The Student News Site of Chatham University


The Student News Site of Chatham University


The Student News Site of Chatham University


Chatham professors publish "Words Without Walls: Writers on Addiction, Violence, and Incarceration"


Professors in the MFA Creative Writing Program Sheryl St. Germain and Sarah Shotland have coedited a book entitled “Words Without Walls: Writers on Addiction, Violence, and Incarceration,” now available.

“We wanted works that spoke to experiences we believed would resonate with our audience and that included difficult things—like addiction, incarceration and familial violence,” said St. Germain, who has worked at Chatham since 2005.

In choosing selections for the book, St. Germain looked for, “works that were accessible on a first or second reading, but still offered opportunities for reflection.”

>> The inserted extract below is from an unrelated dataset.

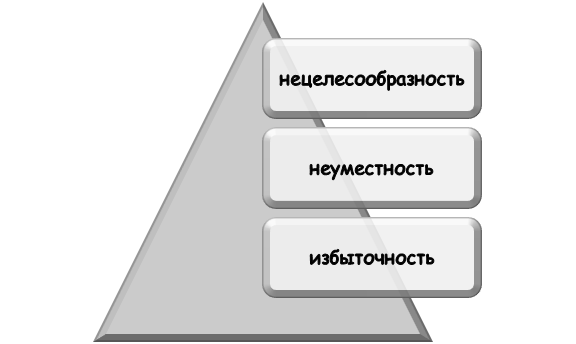 Признаки неоправданного цитирования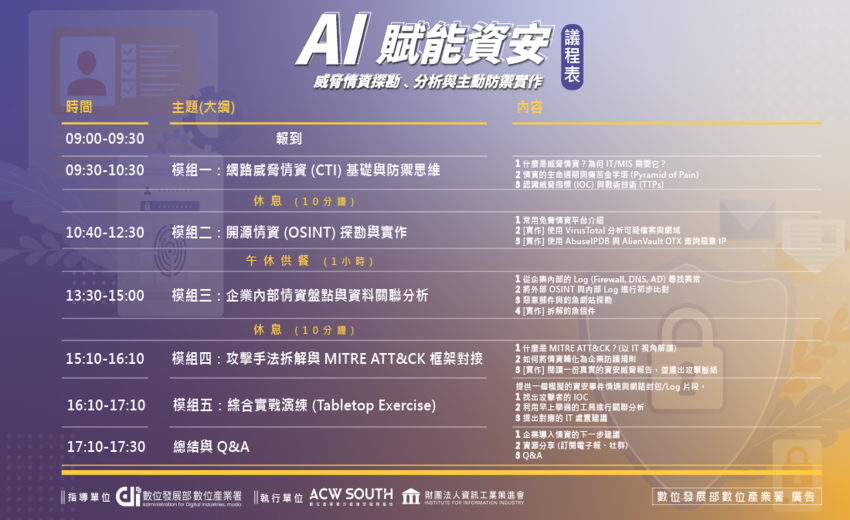 AI 賦能資安：威脅情資探勘、分析與主動防禦實作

“I tried to pick pieces that were immediately arresting; pieces that grab the reader from the very first line and never let go,” said Shotland, who joined Chatham’s faculty in 2011.

“Words Without Walls” provides perspectives from a broad range of voices, including more widely known authors like Anna Quindlen, Raymond Carver, and Jesmyn Ward—who spoke at Chatham earlier this semester—to those who have personally spent time in prison.

“We wanted a mix of new and respected voices, and we also wanted to honor some of the very best writers from [Allegheny County Jail] and Sojourner House.”

“I tried to pick a range of writers that could begin to represent the diversity of the American experience—in gender, class, ethnicity, geography, and subject matter,” said Shotland.

The book shares its title with the Words Without Walls Program, co-founded by St. Germain and Shotland (when she was a graduate student at Chatham) in 2009, through which Chatham MFA students in Creative Writing teach in the Allegheny County Jail, the State Correctional Institution Pittsburgh, and Sojourner House. St. Germain serves as president to the program, and Shotland serves as program coordinator, and both women teach at Sojourner House (although St. Germain is not teaching this term).

Four pieces included in the book are by Words Without Walls students at Allegheny County Jail and one is from a student at Sojourner House. Work by Words Without Walls teachers Jessica Kinnison and Jen Ashburn and Chatham MFA alum Christine Stroud are included as well. St. Germain and Shotland also have compositions in the book.

Both St. Germain and Shotland have long been passionate about the work that Words Without Walls does.

According to St. Germain, her younger brother spent time in prison as a young adult and, “was taught nothing of value in the prison except how to make art objects with popsicle sticks.”

The two corresponded via letter, and St. Germain was surprised by how well he could write. He died of a drug overdose a few years after being released from prison.

“My initial work with teaching creative writing in prisons stemmed from a desire to reach out to those who might have been like my brother—with some writing skills, but needing nurturance and support,” she said.

During the years between her undergraduate and graduate study, Shotland worked as a teaching artist at a drop-out recovery high school in Austin, Texas, a program she cites as being “enriching and meaningful.” After this experience, she knew she wanted to continue with this kind of work.

“Art at a correctional institution is free from the conventions students learn (and then spend time unlearning) in formal programs. It’s refreshing to be around writers who write because they need to express something deeply important and meaningful, rather than writing with professional goals in mind,” said Shotland.

She continued. “I have professional goals for my writing…so I want to make it clear there’s nothing wrong with professional goals. But it’s important to remember that we create art because it’s necessary for ourselves and our readers and our culture; and hopefully we would continue to do that with or without a prestigious publication or paycheck. Working at the jail reminds me of the necessity of art.”

It is the necessity of art that makes the publication of “Words Without Walls,” which gives voice to a range of authors with a range of things to say, pertinent.

“When our students get up to read their work for each other, their hands are shaking, their voices quiver,” Shotland said. “These are people who have witnessed extreme violence, who sometimes participated in it. It’s sometimes surprising to see how nervous they are at a poetry reading. But it speaks to the fact that these poems, these stories, they matter. A lot.”